■ YOUR TASK
The exact lines of the listing, from its first through the line that contains "Ball python, Dieren", are to make up the answer, and pictures are to be left out.

(Beginning of AVAILABLE RECORDS)

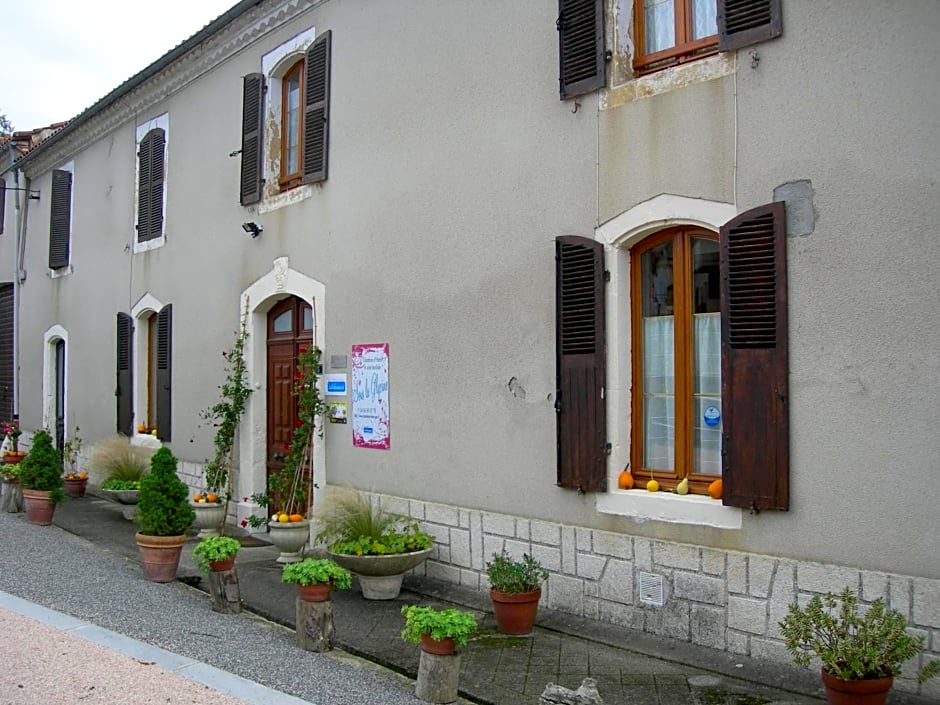 Sous la Glycine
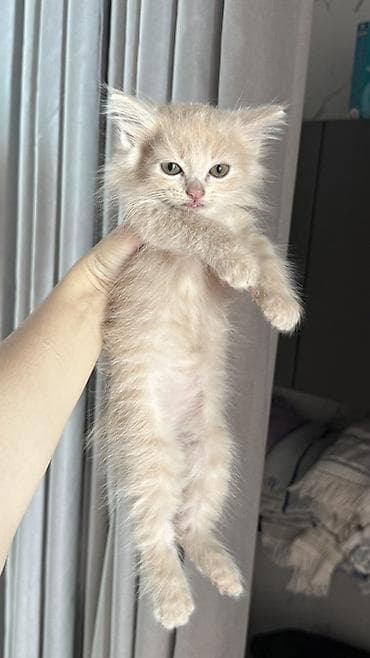 Кошки: Беспородная, 2 месяца, Мальчик, Биколор, Приучена к лотку — 2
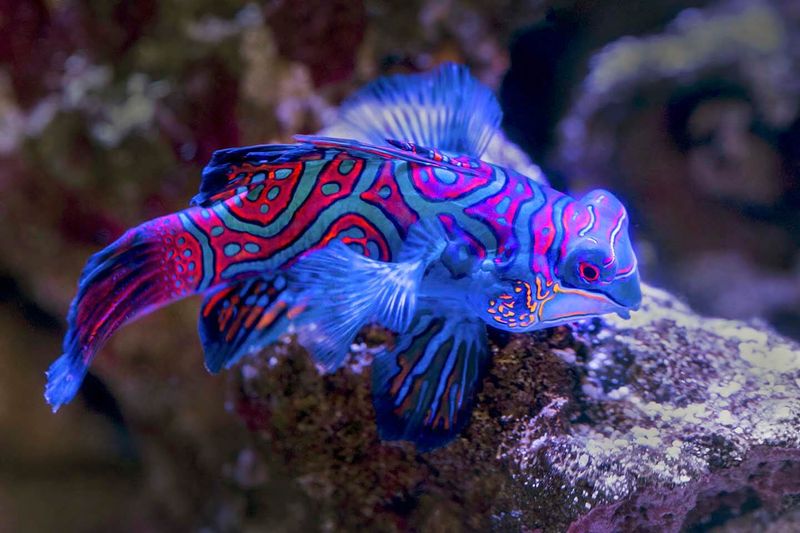 Mandarinfish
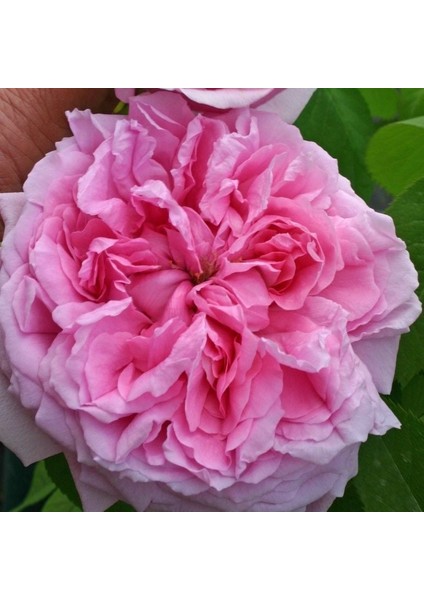 Tüplü Soğuklara Dayanıklı Iri Goncalı Pembe Canina Yediveren Gül Fidanı
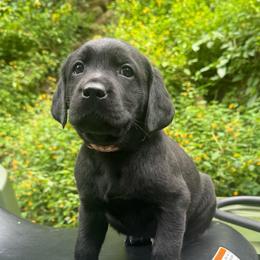 Male 1 - Black male Labrador Retriever puppy in Bethlehem, Pennsylvania from Reilly Lane Labradors LLC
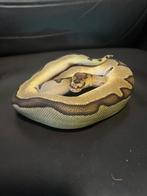 Ball python, Dieren en Toebehoren, Slang, 0 tot 2 jaar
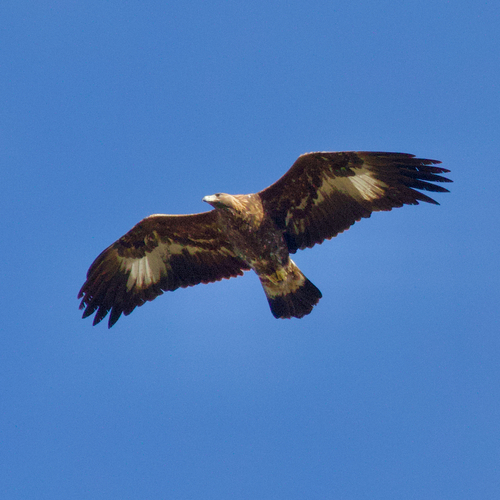 Aigle royal, jeune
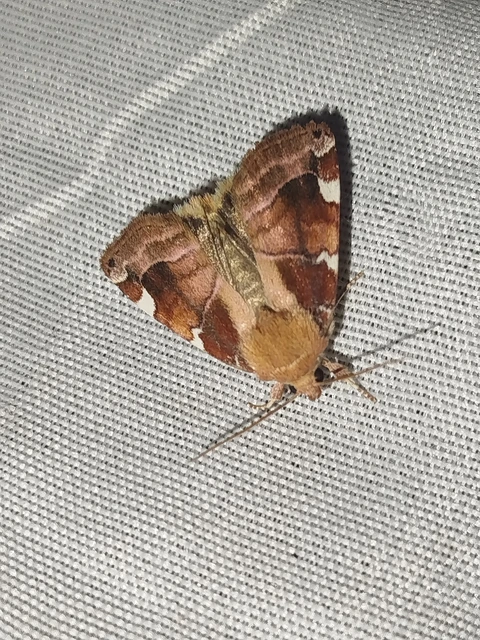 Cosmia diffinis - szilfa-lombbagoly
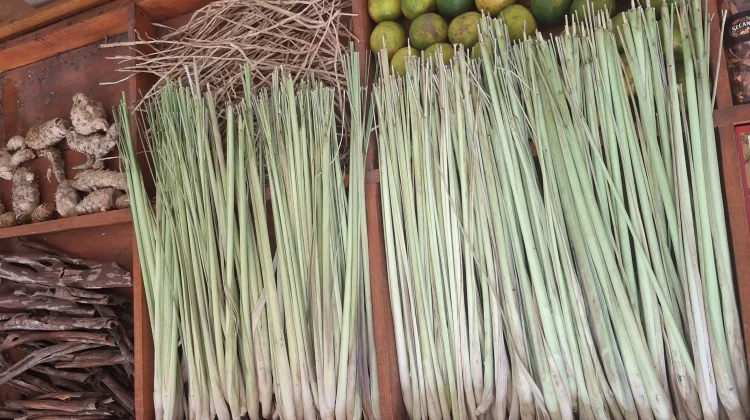 Serai, Rempah Dapur yang Memberikan Aroma Khas pada Masakan Nusantara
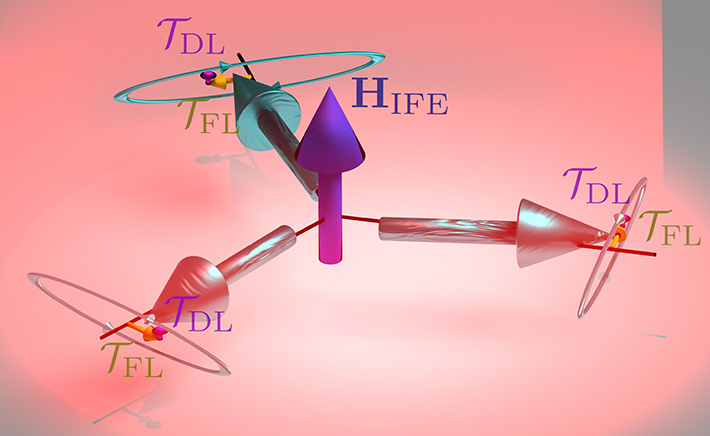 Magnetization in YMnO3 due to the inverse Faraday effect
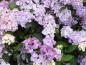 Preview: Gartenhortensie Preziosa - rosa bis violettes Farbspiel der Blüten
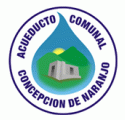 Concepción de Naranjo CWD Logo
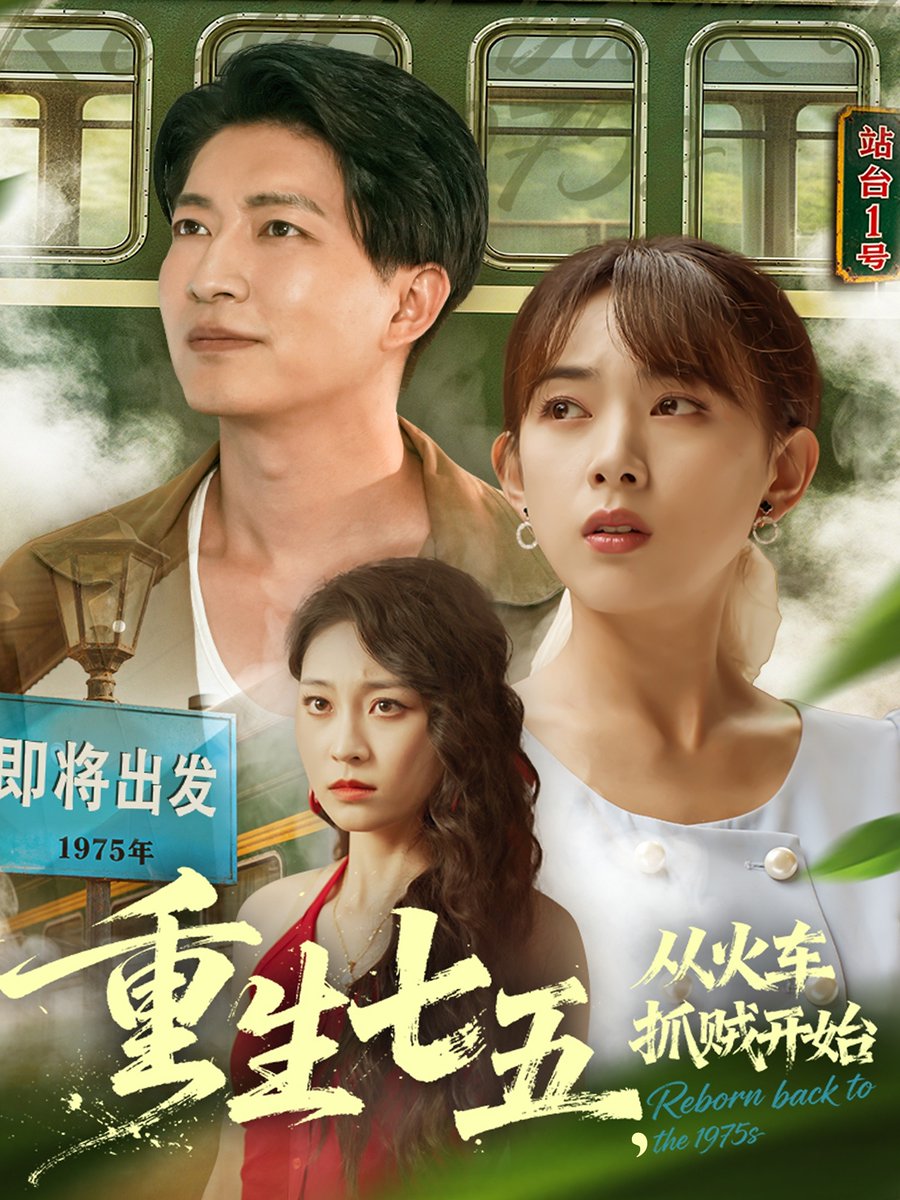 重生七五从火车抓贼开始海报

(End of AVAILABLE RECORDS)

■ RESPONSE TO THE TASK
 Sous la Glycine
 Кошки: Беспородная, 2 месяца, Мальчик, Биколор, Приучена к лотку — 2
 Mandarinfish
 Tüplü Soğuklara Dayanıklı Iri Goncalı Pembe Canina Yediveren Gül Fidanı
 Male 1 - Black male Labrador Retriever puppy in Bethlehem, Pennsylvania from Reilly Lane Labradors LLC
 Ball python, Dieren en Toebehoren, Slang, 0 tot 2 jaar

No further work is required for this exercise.